Items listed in a dataset:
== == ==

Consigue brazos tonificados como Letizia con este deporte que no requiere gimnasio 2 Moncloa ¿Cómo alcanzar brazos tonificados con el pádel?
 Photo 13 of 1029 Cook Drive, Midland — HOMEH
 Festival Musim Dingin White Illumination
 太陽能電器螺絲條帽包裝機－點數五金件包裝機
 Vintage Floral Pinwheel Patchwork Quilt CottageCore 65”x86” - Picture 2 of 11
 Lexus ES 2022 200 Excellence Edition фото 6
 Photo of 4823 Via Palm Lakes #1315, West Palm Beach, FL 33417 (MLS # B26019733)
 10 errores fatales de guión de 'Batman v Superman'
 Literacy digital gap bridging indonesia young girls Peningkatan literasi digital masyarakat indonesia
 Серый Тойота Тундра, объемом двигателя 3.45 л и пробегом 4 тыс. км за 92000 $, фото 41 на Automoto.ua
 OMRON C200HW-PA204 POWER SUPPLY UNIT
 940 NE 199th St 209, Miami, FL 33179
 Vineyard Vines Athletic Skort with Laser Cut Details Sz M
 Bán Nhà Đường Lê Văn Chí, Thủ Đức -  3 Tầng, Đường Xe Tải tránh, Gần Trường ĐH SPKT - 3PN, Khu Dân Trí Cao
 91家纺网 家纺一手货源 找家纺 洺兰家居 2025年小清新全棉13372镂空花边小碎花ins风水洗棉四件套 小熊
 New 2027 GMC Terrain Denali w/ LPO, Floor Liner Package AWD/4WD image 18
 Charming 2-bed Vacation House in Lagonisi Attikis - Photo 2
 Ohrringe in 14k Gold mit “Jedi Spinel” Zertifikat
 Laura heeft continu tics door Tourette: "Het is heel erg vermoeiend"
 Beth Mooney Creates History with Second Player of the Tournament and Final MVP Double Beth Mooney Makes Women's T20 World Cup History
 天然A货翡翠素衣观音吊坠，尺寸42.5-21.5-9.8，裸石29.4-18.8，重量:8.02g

== == ==

■ WHAT YOU WILL DO:
Every line in the data that holds the string "фото" should be copied.

■ ANSWER FOR THIS EXERCISE:
 Lexus ES 2022 200 Excellence Edition фото 6
 Серый Тойота Тундра, объемом двигателя 3.45 л и пробегом 4 тыс. км за 92000 $, фото 41 на Automoto.ua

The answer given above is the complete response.